═══ RECORDS SUPPLIED

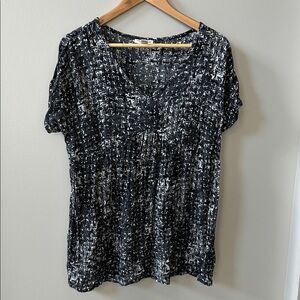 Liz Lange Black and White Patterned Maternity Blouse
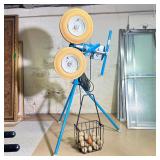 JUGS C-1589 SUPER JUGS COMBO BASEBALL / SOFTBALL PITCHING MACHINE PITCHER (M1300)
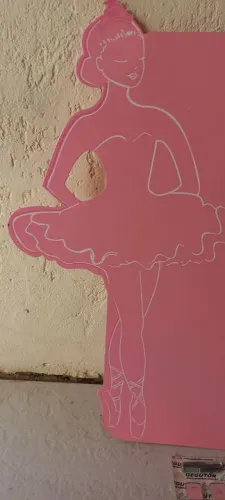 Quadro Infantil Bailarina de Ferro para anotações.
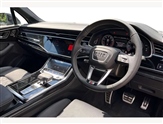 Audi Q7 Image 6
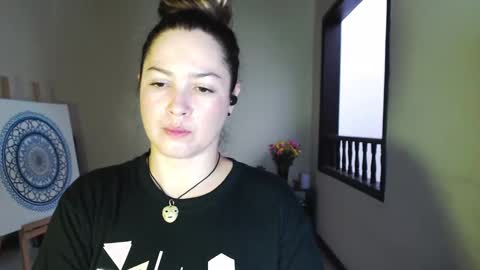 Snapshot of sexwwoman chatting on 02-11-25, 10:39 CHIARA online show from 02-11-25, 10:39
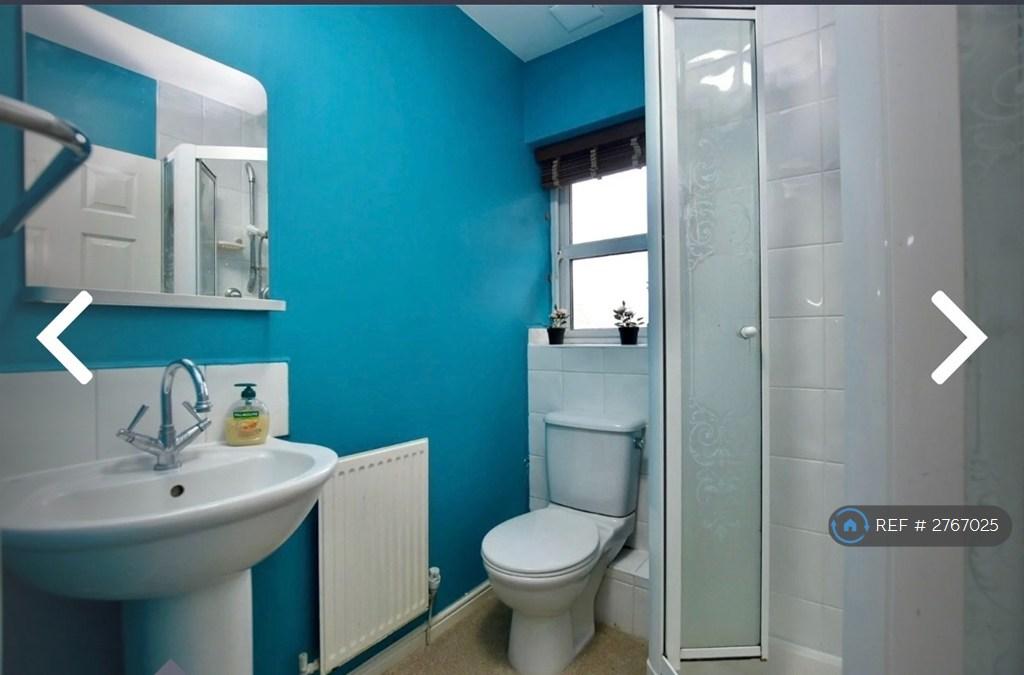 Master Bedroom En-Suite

══════
═══ RECORDS SUPPLIED

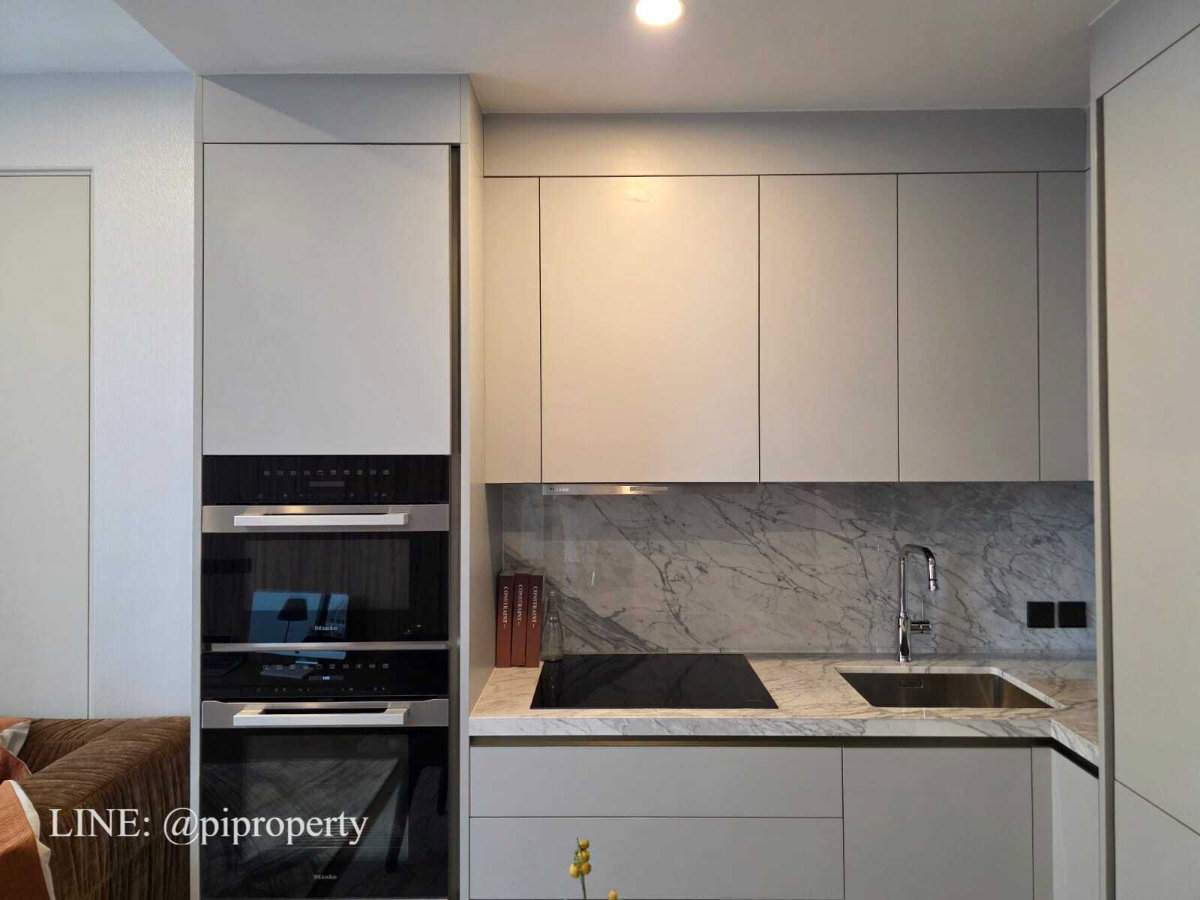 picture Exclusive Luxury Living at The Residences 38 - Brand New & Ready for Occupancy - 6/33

══════
═══ RECORDS SUPPLIED

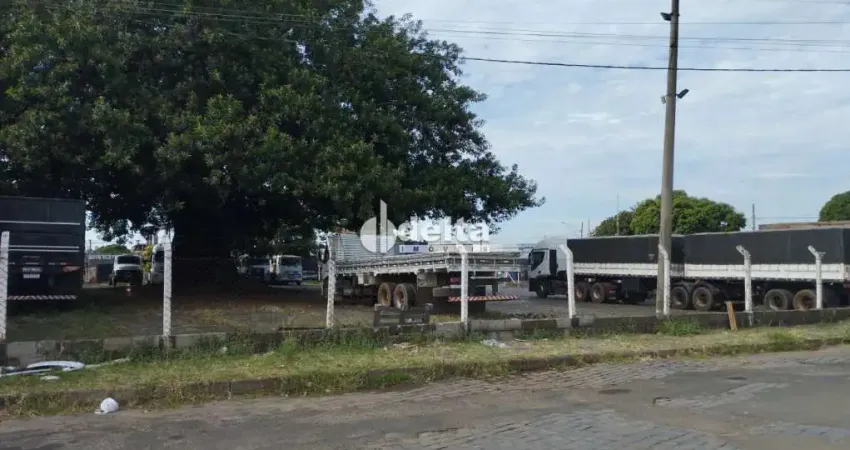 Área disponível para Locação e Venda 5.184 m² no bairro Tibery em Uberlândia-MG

══════

» **EXERCISE OBJECTIVE**
Reproduce the listing above exactly from the line containing "Liz Lange Black" up to and including the line containing "Master Bedroom En-Suite", omitting any images and everything outside those lines.

» **SOLUTION**
 Liz Lange Black and White Patterned Maternity Blouse
 JUGS C-1589 SUPER JUGS COMBO BASEBALL / SOFTBALL PITCHING MACHINE PITCHER (M1300)
 Quadro Infantil Bailarina de Ferro para anotações.
 Audi Q7 Image 6
 Snapshot of sexwwoman chatting on 02-11-25, 10:39 CHIARA online show from 02-11-25, 10:39
 Master Bedroom En-Suite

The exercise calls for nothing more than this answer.